Work order. The copy you give must match the listing below exactly and contain no pictures.

Data section.
=====

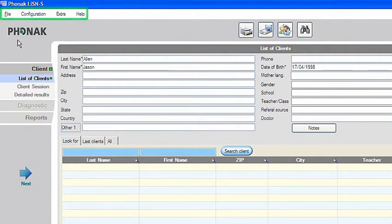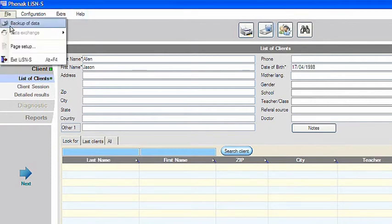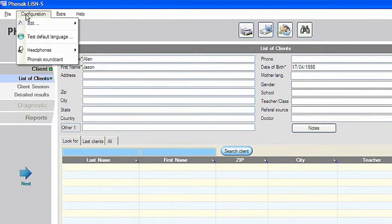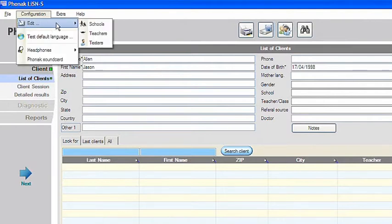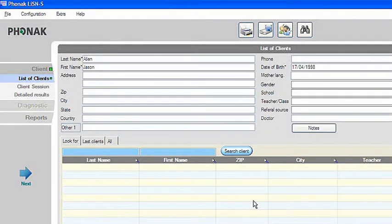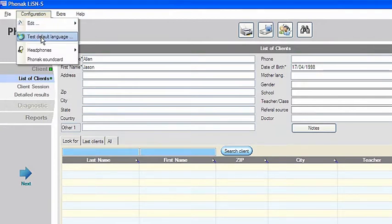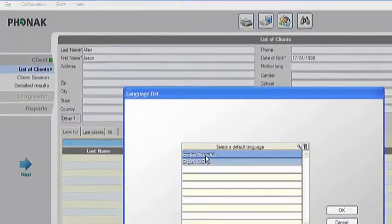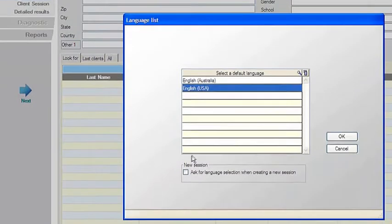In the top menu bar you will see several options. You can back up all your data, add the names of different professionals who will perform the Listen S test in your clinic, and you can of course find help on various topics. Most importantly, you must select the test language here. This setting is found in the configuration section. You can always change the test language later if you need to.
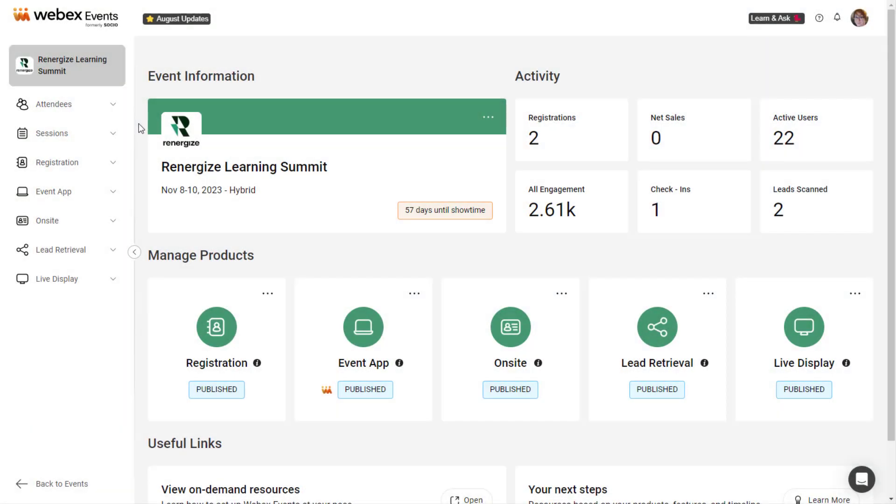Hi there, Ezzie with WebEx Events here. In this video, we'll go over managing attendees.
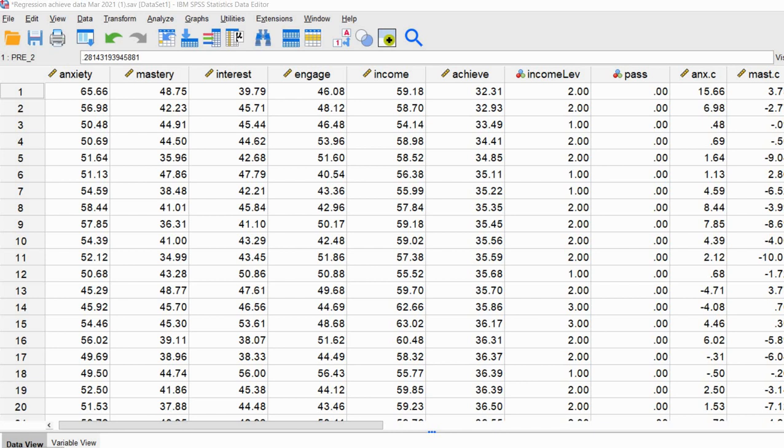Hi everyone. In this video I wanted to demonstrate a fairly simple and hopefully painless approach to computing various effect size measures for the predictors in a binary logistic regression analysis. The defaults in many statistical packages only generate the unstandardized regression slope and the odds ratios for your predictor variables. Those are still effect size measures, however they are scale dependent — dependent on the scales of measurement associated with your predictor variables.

=====

Your solution.
In the top menu bar you will see several options. You can back up all your data, add the names of different professionals who will perform the Listen S test in your clinic, and you can of course find help on various topics. Most importantly, you must select the test language here. This setting is found in the configuration section. You can always change the test language later if you need to.
Hi there, Ezzie with WebEx Events here. In this video, we'll go over managing attendees.
Hi everyone. In this video I wanted to demonstrate a fairly simple and hopefully painless approach to computing various effect size measures for the predictors in a binary logistic regression analysis. The defaults in many statistical packages only generate the unstandardized regression slope and the odds ratios for your predictor variables. Those are still effect size measures, however they are scale dependent — dependent on the scales of measurement associated with your predictor variables.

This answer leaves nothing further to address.